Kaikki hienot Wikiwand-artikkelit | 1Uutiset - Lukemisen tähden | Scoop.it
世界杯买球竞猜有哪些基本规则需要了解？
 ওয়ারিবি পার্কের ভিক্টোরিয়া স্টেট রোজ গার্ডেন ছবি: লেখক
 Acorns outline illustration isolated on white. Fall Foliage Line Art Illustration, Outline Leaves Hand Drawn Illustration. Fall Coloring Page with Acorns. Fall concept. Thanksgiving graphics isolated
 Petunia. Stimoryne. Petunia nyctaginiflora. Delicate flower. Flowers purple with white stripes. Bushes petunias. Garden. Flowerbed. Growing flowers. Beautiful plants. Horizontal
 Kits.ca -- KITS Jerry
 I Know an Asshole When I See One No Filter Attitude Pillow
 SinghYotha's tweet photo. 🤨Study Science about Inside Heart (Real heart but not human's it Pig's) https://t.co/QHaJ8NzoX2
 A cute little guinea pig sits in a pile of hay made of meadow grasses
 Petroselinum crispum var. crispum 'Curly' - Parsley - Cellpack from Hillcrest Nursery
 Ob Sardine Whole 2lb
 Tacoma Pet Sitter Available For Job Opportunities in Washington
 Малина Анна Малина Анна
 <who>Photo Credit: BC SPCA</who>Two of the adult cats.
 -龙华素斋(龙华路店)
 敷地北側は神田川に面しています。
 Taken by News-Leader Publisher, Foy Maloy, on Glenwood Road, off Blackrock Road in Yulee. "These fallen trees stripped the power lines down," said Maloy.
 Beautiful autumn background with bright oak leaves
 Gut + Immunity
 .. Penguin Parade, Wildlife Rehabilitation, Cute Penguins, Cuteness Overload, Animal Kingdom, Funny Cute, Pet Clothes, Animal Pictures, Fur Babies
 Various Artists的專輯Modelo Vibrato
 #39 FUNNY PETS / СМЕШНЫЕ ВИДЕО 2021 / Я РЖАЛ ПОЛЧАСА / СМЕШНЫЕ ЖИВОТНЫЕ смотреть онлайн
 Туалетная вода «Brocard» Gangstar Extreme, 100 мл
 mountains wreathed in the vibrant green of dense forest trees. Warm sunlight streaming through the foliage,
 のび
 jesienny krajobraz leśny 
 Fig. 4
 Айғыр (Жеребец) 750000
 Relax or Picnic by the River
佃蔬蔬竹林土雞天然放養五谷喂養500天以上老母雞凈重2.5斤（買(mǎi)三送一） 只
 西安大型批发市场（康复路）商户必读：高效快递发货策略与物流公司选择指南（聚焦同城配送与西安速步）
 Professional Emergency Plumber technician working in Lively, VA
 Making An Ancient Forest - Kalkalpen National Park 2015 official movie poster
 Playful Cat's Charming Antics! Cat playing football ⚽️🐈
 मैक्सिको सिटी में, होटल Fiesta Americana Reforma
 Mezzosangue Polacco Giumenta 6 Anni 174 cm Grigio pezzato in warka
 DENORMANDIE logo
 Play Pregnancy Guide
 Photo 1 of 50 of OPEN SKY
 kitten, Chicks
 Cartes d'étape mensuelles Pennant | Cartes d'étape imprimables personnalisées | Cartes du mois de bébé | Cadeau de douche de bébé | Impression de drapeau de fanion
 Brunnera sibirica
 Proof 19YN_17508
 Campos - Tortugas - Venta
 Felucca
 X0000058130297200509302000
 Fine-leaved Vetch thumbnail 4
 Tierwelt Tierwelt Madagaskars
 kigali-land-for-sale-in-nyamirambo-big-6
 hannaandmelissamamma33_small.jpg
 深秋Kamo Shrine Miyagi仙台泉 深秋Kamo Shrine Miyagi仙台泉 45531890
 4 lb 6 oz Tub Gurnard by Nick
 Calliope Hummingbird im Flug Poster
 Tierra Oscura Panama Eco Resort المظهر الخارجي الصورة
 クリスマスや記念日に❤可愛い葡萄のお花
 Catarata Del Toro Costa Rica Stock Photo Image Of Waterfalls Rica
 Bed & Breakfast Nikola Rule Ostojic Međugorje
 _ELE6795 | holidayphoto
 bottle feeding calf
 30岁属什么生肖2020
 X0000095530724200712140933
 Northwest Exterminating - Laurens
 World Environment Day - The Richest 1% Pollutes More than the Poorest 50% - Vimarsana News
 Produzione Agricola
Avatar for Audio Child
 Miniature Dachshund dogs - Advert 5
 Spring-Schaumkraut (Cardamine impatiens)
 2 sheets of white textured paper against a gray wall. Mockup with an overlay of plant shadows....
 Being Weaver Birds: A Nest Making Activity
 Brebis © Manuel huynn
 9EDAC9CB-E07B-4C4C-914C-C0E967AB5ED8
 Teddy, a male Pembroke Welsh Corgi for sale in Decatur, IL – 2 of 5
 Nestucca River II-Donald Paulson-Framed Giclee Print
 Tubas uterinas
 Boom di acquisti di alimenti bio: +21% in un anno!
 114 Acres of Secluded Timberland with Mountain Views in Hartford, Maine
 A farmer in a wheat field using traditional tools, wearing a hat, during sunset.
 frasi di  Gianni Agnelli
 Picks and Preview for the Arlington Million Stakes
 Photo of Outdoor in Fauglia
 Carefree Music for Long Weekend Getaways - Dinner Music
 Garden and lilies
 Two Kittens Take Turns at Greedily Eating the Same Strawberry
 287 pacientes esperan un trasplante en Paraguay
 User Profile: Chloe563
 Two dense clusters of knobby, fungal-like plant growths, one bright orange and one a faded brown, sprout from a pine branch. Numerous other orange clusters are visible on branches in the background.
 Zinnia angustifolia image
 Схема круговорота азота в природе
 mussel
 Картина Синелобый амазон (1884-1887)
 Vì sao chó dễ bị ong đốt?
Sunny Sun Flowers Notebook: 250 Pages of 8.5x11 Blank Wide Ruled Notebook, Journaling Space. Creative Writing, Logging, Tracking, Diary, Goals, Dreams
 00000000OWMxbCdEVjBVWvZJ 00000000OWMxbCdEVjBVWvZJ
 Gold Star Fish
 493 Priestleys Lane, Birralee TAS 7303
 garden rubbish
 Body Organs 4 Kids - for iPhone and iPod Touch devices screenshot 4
■ ■ ■ ■ ■ ■ ■
EXERCISE DESCRIPTION:
When you reach the end of the records, set them all down again exactly.

OUTPUT BELOW:
Kaikki hienot Wikiwand-artikkelit | 1Uutiset - Lukemisen tähden | Scoop.it
世界杯买球竞猜有哪些基本规则需要了解？
 ওয়ারিবি পার্কের ভিক্টোরিয়া স্টেট রোজ গার্ডেন ছবি: লেখক
 Acorns outline illustration isolated on white. Fall Foliage Line Art Illustration, Outline Leaves Hand Drawn Illustration. Fall Coloring Page with Acorns. Fall concept. Thanksgiving graphics isolated
 Petunia. Stimoryne. Petunia nyctaginiflora. Delicate flower. Flowers purple with white stripes. Bushes petunias. Garden. Flowerbed. Growing flowers. Beautiful plants. Horizontal
 Kits.ca -- KITS Jerry
 I Know an Asshole When I See One No Filter Attitude Pillow
 SinghYotha's tweet photo. 🤨Study Science about Inside Heart (Real heart but not human's it Pig's) https://t.co/QHaJ8NzoX2
 A cute little guinea pig sits in a pile of hay made of meadow grasses
 Petroselinum crispum var. crispum 'Curly' - Parsley - Cellpack from Hillcrest Nursery
 Ob Sardine Whole 2lb
 Tacoma Pet Sitter Available For Job Opportunities in Washington
 Малина Анна Малина Анна
 <who>Photo Credit: BC SPCA</who>Two of the adult cats.
 -龙华素斋(龙华路店)
 敷地北側は神田川に面しています。
 Taken by News-Leader Publisher, Foy Maloy, on Glenwood Road, off Blackrock Road in Yulee. "These fallen trees stripped the power lines down," said Maloy.
 Beautiful autumn background with bright oak leaves
 Gut + Immunity
 .. Penguin Parade, Wildlife Rehabilitation, Cute Penguins, Cuteness Overload, Animal Kingdom, Funny Cute, Pet Clothes, Animal Pictures, Fur Babies
 Various Artists的專輯Modelo Vibrato
 #39 FUNNY PETS / СМЕШНЫЕ ВИДЕО 2021 / Я РЖАЛ ПОЛЧАСА / СМЕШНЫЕ ЖИВОТНЫЕ смотреть онлайн
 Туалетная вода «Brocard» Gangstar Extreme, 100 мл
 mountains wreathed in the vibrant green of dense forest trees. Warm sunlight streaming through the foliage,
 のび
 jesienny krajobraz leśny 
 Fig. 4
 Айғыр (Жеребец) 750000
 Relax or Picnic by the River
佃蔬蔬竹林土雞天然放養五谷喂養500天以上老母雞凈重2.5斤（買(mǎi)三送一） 只
 西安大型批发市场（康复路）商户必读：高效快递发货策略与物流公司选择指南（聚焦同城配送与西安速步）
 Professional Emergency Plumber technician working in Lively, VA
 Making An Ancient Forest - Kalkalpen National Park 2015 official movie poster
 Playful Cat's Charming Antics! Cat playing football ⚽️🐈
 मैक्सिको सिटी में, होटल Fiesta Americana Reforma
 Mezzosangue Polacco Giumenta 6 Anni 174 cm Grigio pezzato in warka
 DENORMANDIE logo
 Play Pregnancy Guide
 Photo 1 of 50 of OPEN SKY
 kitten, Chicks
 Cartes d'étape mensuelles Pennant | Cartes d'étape imprimables personnalisées | Cartes du mois de bébé | Cadeau de douche de bébé | Impression de drapeau de fanion
 Brunnera sibirica
 Proof 19YN_17508
 Campos - Tortugas - Venta
 Felucca
 X0000058130297200509302000
 Fine-leaved Vetch thumbnail 4
 Tierwelt Tierwelt Madagaskars
 kigali-land-for-sale-in-nyamirambo-big-6
 hannaandmelissamamma33_small.jpg
 深秋Kamo Shrine Miyagi仙台泉 深秋Kamo Shrine Miyagi仙台泉 45531890
 4 lb 6 oz Tub Gurnard by Nick
 Calliope Hummingbird im Flug Poster
 Tierra Oscura Panama Eco Resort المظهر الخارجي الصورة
 クリスマスや記念日に❤可愛い葡萄のお花
 Catarata Del Toro Costa Rica Stock Photo Image Of Waterfalls Rica
 Bed & Breakfast Nikola Rule Ostojic Međugorje
 _ELE6795 | holidayphoto
 bottle feeding calf
 30岁属什么生肖2020
 X0000095530724200712140933
 Northwest Exterminating - Laurens
 World Environment Day - The Richest 1% Pollutes More than the Poorest 50% - Vimarsana News
 Produzione Agricola
Avatar for Audio Child
 Miniature Dachshund dogs - Advert 5
 Spring-Schaumkraut (Cardamine impatiens)
 2 sheets of white textured paper against a gray wall. Mockup with an overlay of plant shadows....
 Being Weaver Birds: A Nest Making Activity
 Brebis © Manuel huynn
 9EDAC9CB-E07B-4C4C-914C-C0E967AB5ED8
 Teddy, a male Pembroke Welsh Corgi for sale in Decatur, IL – 2 of 5
 Nestucca River II-Donald Paulson-Framed Giclee Print
 Tubas uterinas
 Boom di acquisti di alimenti bio: +21% in un anno!
 114 Acres of Secluded Timberland with Mountain Views in Hartford, Maine
 A farmer in a wheat field using traditional tools, wearing a hat, during sunset.
 frasi di  Gianni Agnelli
 Picks and Preview for the Arlington Million Stakes
 Photo of Outdoor in Fauglia
 Carefree Music for Long Weekend Getaways - Dinner Music
 Garden and lilies
 Two Kittens Take Turns at Greedily Eating the Same Strawberry
 287 pacientes esperan un trasplante en Paraguay
 User Profile: Chloe563
 Two dense clusters of knobby, fungal-like plant growths, one bright orange and one a faded brown, sprout from a pine branch. Numerous other orange clusters are visible on branches in the background.
 Zinnia angustifolia image
 Схема круговорота азота в природе
 mussel
 Картина Синелобый амазон (1884-1887)
 Vì sao chó dễ bị ong đốt?
Sunny Sun Flowers Notebook: 250 Pages of 8.5x11 Blank Wide Ruled Notebook, Journaling Space. Creative Writing, Logging, Tracking, Diary, Goals, Dreams
 00000000OWMxbCdEVjBVWvZJ 00000000OWMxbCdEVjBVWvZJ
 Gold Star Fish
 493 Priestleys Lane, Birralee TAS 7303
 garden rubbish
 Body Organs 4 Kids - for iPhone and iPod Touch devices screenshot 4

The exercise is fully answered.